--- INPUT RECORDS ---
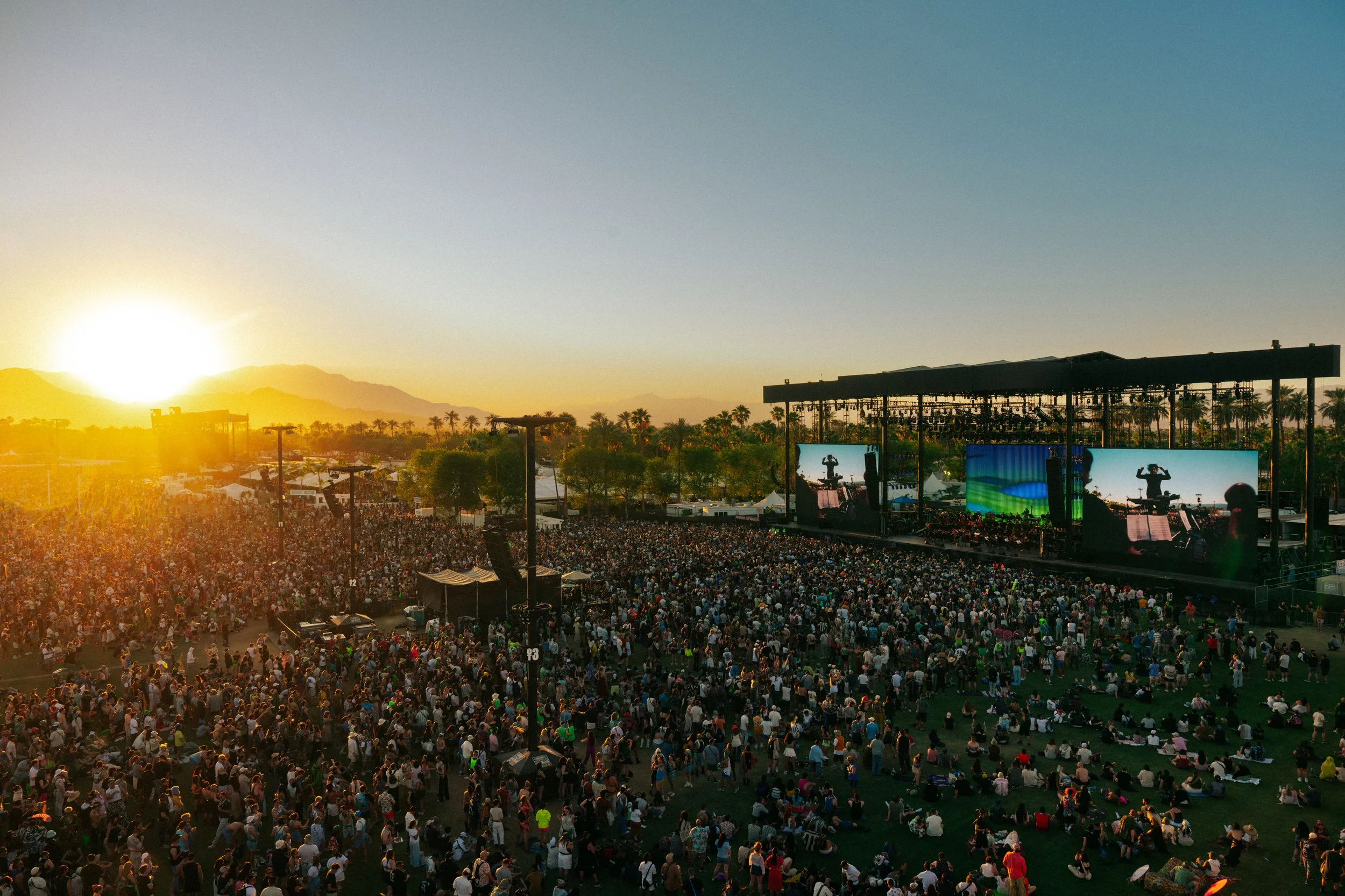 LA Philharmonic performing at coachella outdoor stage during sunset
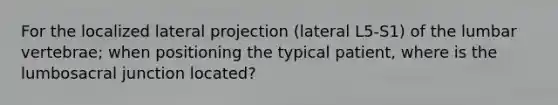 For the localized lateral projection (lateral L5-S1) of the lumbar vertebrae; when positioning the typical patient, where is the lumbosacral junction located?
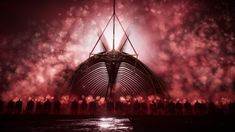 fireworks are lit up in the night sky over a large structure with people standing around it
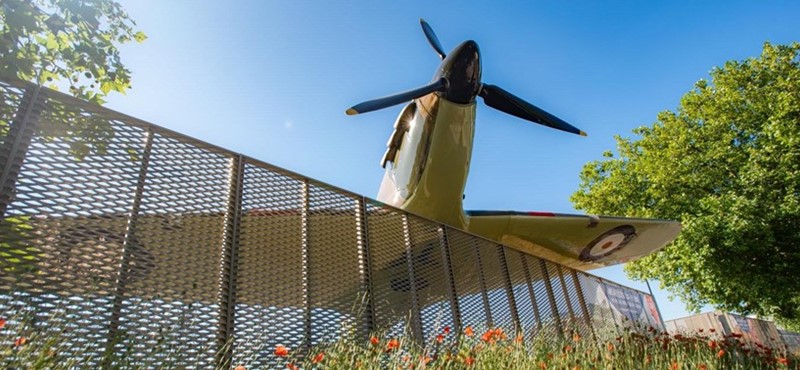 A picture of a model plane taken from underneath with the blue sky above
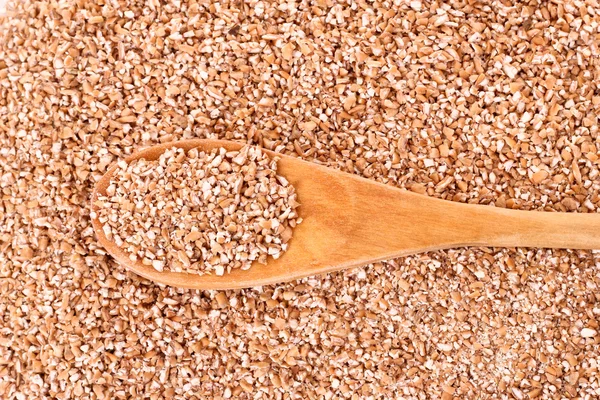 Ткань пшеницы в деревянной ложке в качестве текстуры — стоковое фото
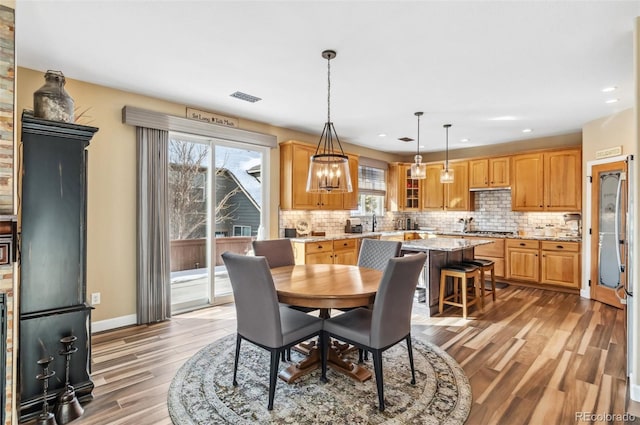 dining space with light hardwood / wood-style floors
---
--- INPUT RECORDS ---
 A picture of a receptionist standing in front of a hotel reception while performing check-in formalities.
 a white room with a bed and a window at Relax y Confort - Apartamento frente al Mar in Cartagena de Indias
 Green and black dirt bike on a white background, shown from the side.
---
--- INPUT RECORDS ---
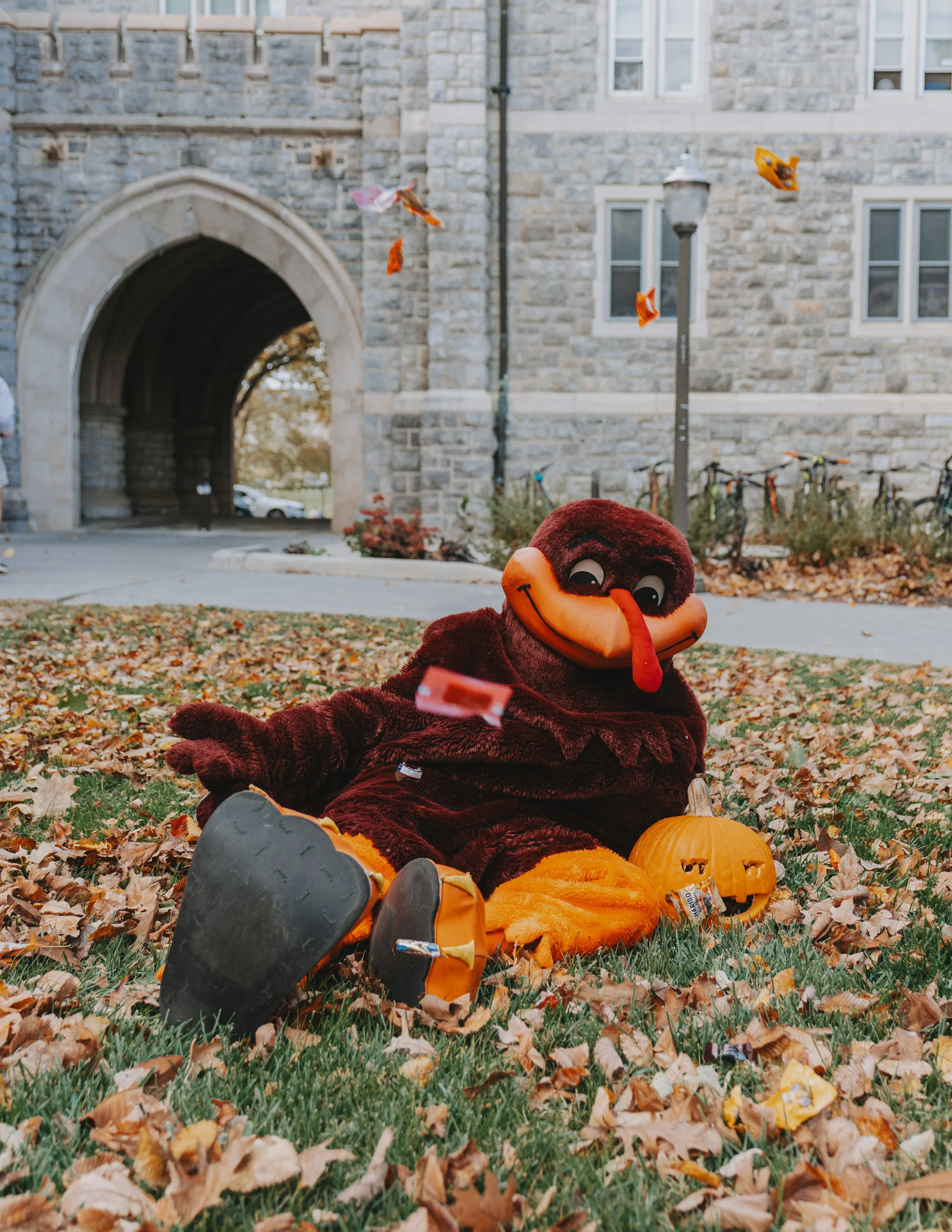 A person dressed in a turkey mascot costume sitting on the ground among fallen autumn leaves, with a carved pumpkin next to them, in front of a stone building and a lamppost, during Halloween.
---
WHAT IS REQUIRED:
Reproduce word for word, with pictures dropped, only the part of the material above that opens with the line containing "fireworks are lit" and closes with the line containing "dining space with".

RESULT OF THE TASK:
 fireworks are lit up in the night sky over a large structure with people standing around it
 A picture of a model plane taken from underneath with the blue sky above
 Ткань пшеницы в деревянной ложке в качестве текстуры — стоковое фото
 dining space with light hardwood / wood-style floors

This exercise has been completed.